Beyond the Aqara gear there’s a Samsung TV, a couple Zigbee plug switches, an Amazon Echo, and then all the HA logic on top — automations, scenes, and scripts — shown as their own node types with edges pointing to what they control or trigger.


How the data works

Live state is pulled entirely over the HA WebSocket API (ws://ha-ip:8123/api/websocket). This matters because the page is served from my NAS and the REST API is blocked by CORS — the WebSocket doesn’t have that restriction. On connect it authenticates with a Long-Lived Access Token, sends a get_states request to load everything at once, then subscribes to state_changed events for live updates. No polling, no page refreshes. When HA fires a state change, the graph updates within a second.
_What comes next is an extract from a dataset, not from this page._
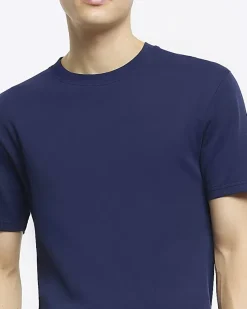 River Island RI Studio muscle fit t-shirt< Essentials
Controls also go through the same WebSocket using call_service. Click “On” on a light node and it sends light/turn_on directly to HA over the existing connection. Same for scene activation, thermostat preset changes, automation triggers — all live.


How it’s hosted

Static HTML file, no backend, no dependencies to install. Three.js and 3d-force-graph load from CDN. The file lives on my ASUS NAS (http://nas-ip/ha-graph/) and I hit it from any browser on the local network. That’s it — one file, served by the NAS web server, talks directly to HA over WebSocket.


What’s next

Right now it’s just the living room. The plan is to expand this room by room — Scuba Shop is next since it has a lot of varied Aqara gear and its own alarm zone — and eventually build a whole-home view where each room is a node that expands when you click it.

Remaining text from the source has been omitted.